Unfortunately, resurrection is a procedure that has some side effects – and in Miles’s case, they happen to manifest in the middle of the operation to save the lieutenant.  As is typical of Miles’s luck they appear at the worst possible moment, much to the detriment of the poor lieutenant.  To make matters even worse, Miles deliberately hid this issue from his superior officer at Imperial Security, fearing he’d be stuck behind a desk instead of allowed out into the field.  When Miles is called home, he is not looking forward to facing Simon Illyan’s fury, and the end result is even worse than being designated to desk duty.  However, when Simon Illyan’s memory chip begins malfunctioning Miles may be the only one with the ability to help – and the process of investigating this public and private disaster may even help him work through some of his own problems.

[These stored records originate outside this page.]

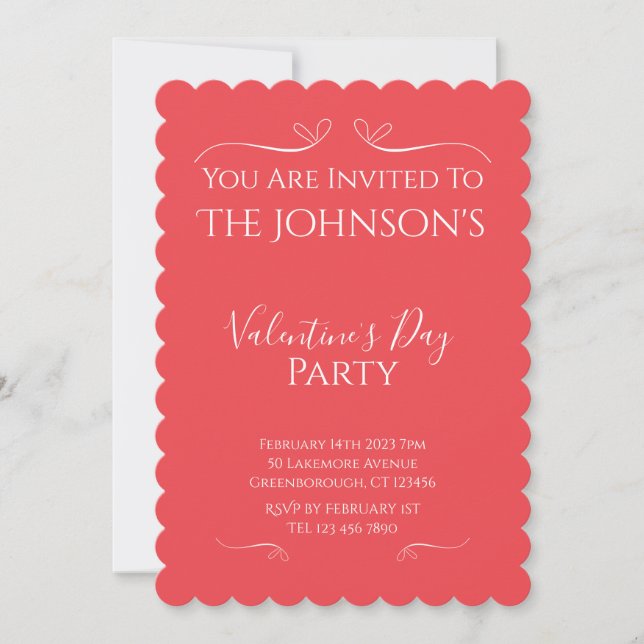 Modern Pink Red Valentines Day Party Invitation Inbjudningar (Framsida)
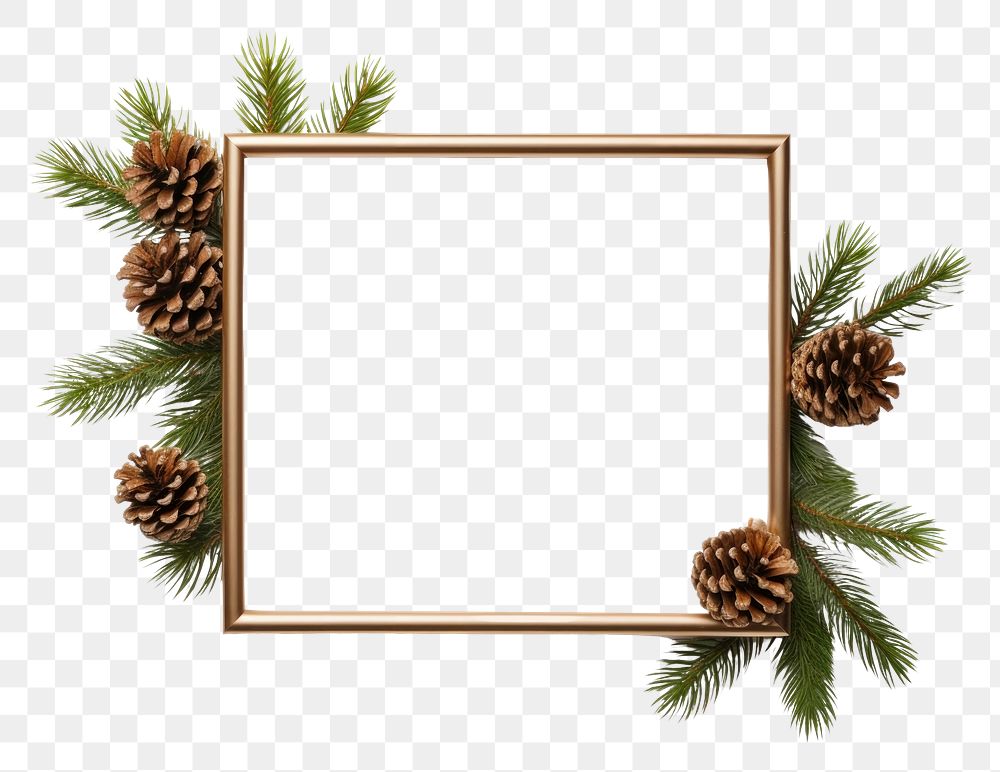 PNG  Christmas decoration on rectangle plant frame.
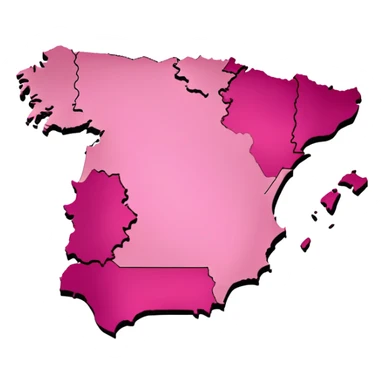 Spain map in pink  sticker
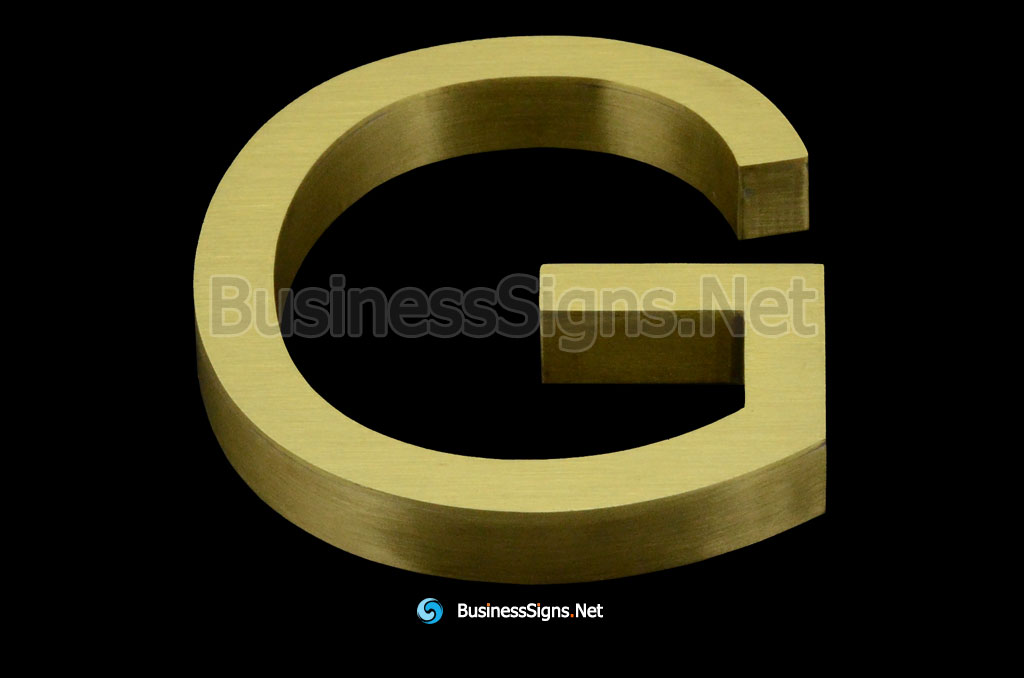 3D Brushed Brass Business Signs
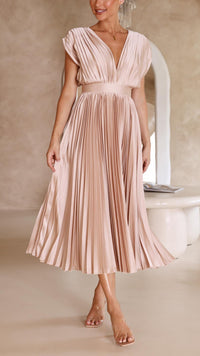 Damen Plissiertes Midikleid mit Tiefem V-Ausschnitt und Taillenband – Champagnerfarben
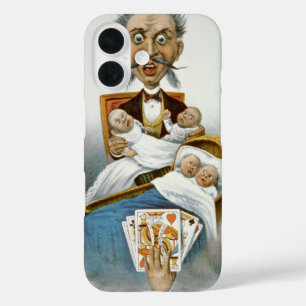 Vintage Familie, Vater mit Babys und Poker Hand iPhone 16 Hülle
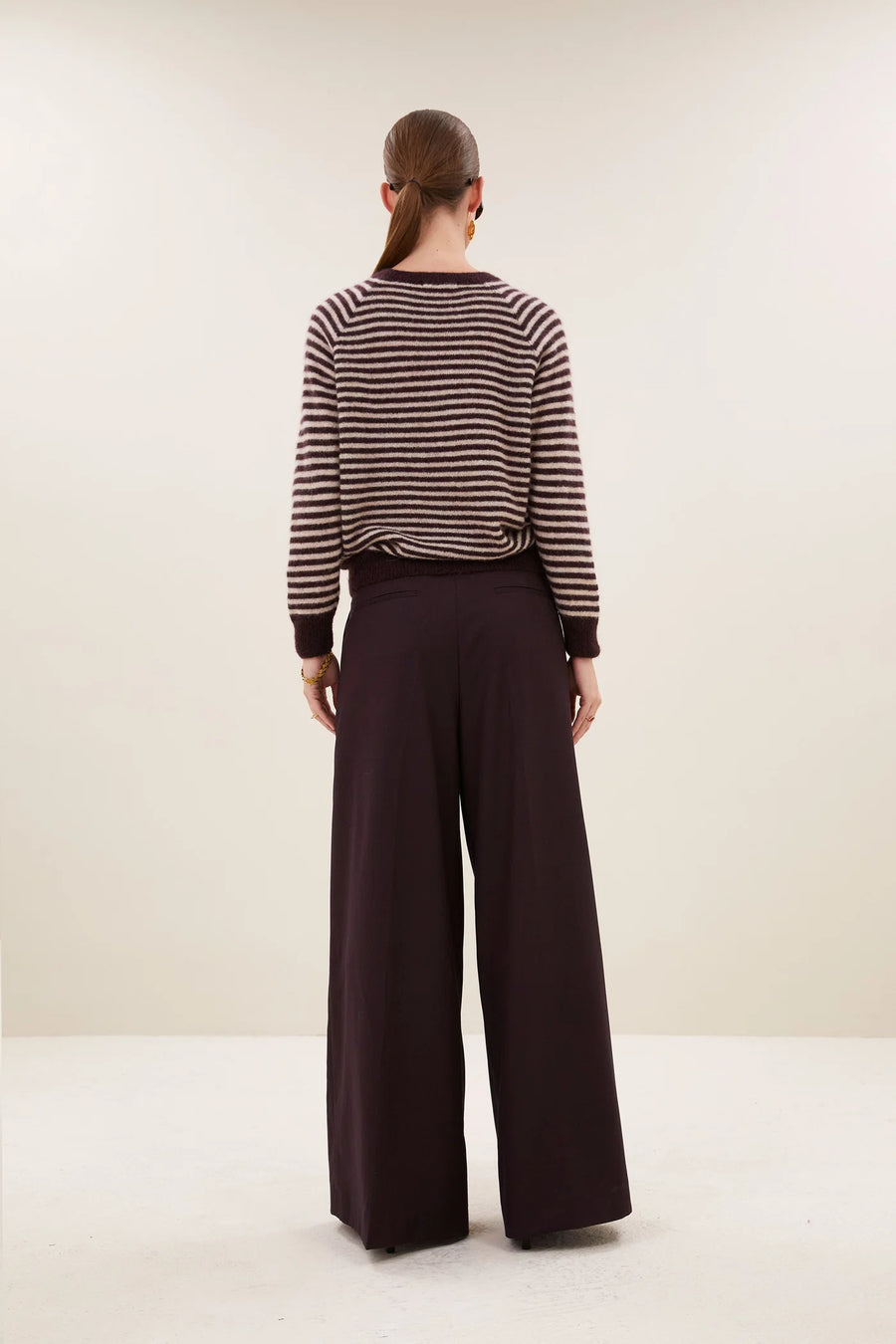 by-bar Sally striped crew neck jumper - burgundy crush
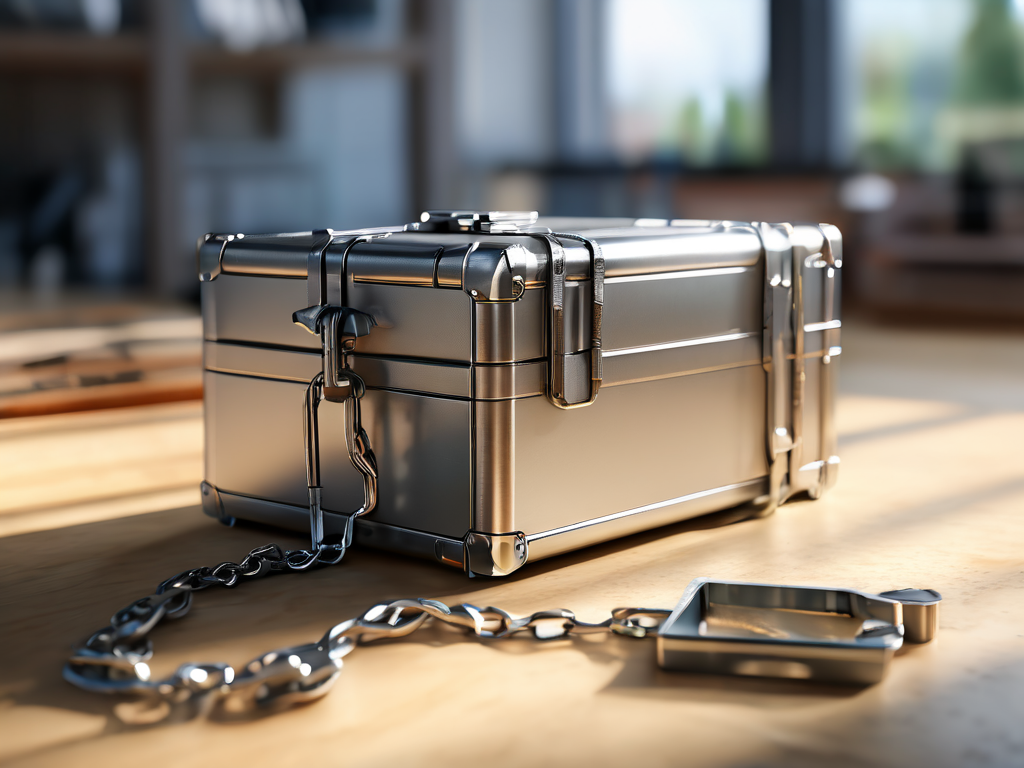 Stacked metal storage case and small file blocks on brushed steel, morning light.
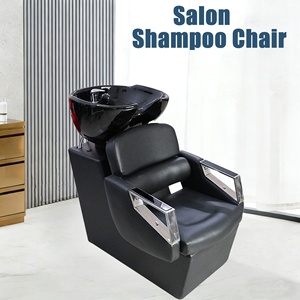 Sillón de Lavado de Cabello con Lavabo de Cerámica Negra, Unidad de Lavado para Salón, Estructura de Metal y Cuero PU, Muebles para Barbería, Color Personalizado - Product Image 2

Despite some pacing issues, Memory is one of the best books in the series that I’ve read so far (along with Barrayar).  It started off very quickly since the first part was the doomed mission, then it meandered a bit before eventually coming together.  Miles has it rough in this book, dealing with the aftermath of his death from the previous book.  It only gets worse for him, and this does result in some moping that seemed to drag on and on before the rest of the plot picked up.  Sometimes I don’t mind introspection that lends itself to character development, especially in a case like this one where it’s entirely justified and expected, but it did go on for long enough that it began to get dull.  [Ed. – I half expected Miles to start wearing a sad beret, visiting coffee bars where he reads elegies about weepy-eyed puppies every Thursday, and develop a crippling heroin habit; I was only partially right.]  Then the mystery part of the story began to build up, Miles was back in action and it was moving along nicely.  At that point it became very compelling, particularly since events progressed while he continued dealing with (and actually working toward resolving) his crisis.

This is the book in the series where Miles’s internal fight comes to a head.  I certainly don’t want to give away how it ends, but the consequences of this decision mean that the series has forever changed from this point forward.  It will be interesting to see how this plays out throughout the rest of the series and just what it means for Miles.  The resolution has promise, but I’m also a little unsure about how different the next installments will be.

Aside from a slight fear about the next books, I’m fairly confident there’s no need for worry.  After all, my husband [Ed. Hi!], who has read the rest of the books, said he was very annoyed by how Memory ended and the possibility of limiting some aspects of the series.  After reading the rest of the books, he decided his concerns had been unnecessary.  Also, once it picked up, Memory had all the same aspects I loved about the other books.  The mystery concerning the breakdown of Illyan’s memory chip was fun, especially with Miles involved.  He’s a great character – clever and his third person narrative is tinged with an amusing sense of humor.  This novel also involved Barrayaran social structures, and learning more about Simon Illyan was a plus.

For those who have read the previous books about Miles, this novel is a must read although there are some issues with pacing.  It’s certainly worth persevering to wait for the plot to progress, though, and I look forward to seeing how the big changes in this book affect the rest of the series.

My Rating: 8.5/10 (Again, this probably should have been higher on my top 10 of the year list.  Apparently I need to write about books that are potential candidates before deciding on the final list.)

Where I got my reading copy: I bought it.